(Extracted data entries)
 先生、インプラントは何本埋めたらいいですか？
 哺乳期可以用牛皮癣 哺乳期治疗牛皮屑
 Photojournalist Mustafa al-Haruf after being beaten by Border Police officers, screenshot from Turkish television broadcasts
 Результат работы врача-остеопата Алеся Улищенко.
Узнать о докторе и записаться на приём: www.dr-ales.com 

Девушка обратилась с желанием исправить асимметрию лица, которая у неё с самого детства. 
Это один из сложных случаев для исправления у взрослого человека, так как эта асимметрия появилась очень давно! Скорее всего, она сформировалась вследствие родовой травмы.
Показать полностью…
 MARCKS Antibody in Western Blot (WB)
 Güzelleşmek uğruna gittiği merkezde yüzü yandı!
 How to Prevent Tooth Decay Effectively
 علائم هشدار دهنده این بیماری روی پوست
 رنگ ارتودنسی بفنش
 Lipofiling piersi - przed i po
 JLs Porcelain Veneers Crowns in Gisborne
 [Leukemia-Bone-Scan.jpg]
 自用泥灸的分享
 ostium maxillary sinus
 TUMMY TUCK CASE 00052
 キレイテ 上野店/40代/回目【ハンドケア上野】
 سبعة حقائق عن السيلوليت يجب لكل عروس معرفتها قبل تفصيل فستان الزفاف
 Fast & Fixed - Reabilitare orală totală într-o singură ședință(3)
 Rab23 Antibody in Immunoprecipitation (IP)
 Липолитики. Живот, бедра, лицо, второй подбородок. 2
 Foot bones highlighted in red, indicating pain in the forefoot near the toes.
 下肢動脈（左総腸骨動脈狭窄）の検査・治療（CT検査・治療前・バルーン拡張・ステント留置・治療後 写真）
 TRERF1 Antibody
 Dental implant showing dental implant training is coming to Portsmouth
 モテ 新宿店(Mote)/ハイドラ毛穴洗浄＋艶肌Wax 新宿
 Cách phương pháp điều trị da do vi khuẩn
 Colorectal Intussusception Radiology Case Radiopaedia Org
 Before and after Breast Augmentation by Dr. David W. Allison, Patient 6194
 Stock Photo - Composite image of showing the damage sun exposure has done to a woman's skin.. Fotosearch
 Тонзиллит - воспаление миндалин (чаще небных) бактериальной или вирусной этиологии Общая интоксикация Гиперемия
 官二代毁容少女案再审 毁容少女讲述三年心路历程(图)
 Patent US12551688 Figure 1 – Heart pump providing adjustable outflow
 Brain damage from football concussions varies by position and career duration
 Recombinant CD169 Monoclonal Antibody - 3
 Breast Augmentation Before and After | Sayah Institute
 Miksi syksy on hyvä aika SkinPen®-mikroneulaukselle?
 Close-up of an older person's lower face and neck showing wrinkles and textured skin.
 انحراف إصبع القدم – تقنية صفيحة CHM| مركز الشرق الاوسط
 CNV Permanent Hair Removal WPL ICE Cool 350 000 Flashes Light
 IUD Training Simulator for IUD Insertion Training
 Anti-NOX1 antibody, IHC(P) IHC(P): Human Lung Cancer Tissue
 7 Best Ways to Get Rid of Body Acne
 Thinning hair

→ What the exercise asks: Across the entries, work out how many lines hold the word "damage". Reply with that number only.

→ Result below: 2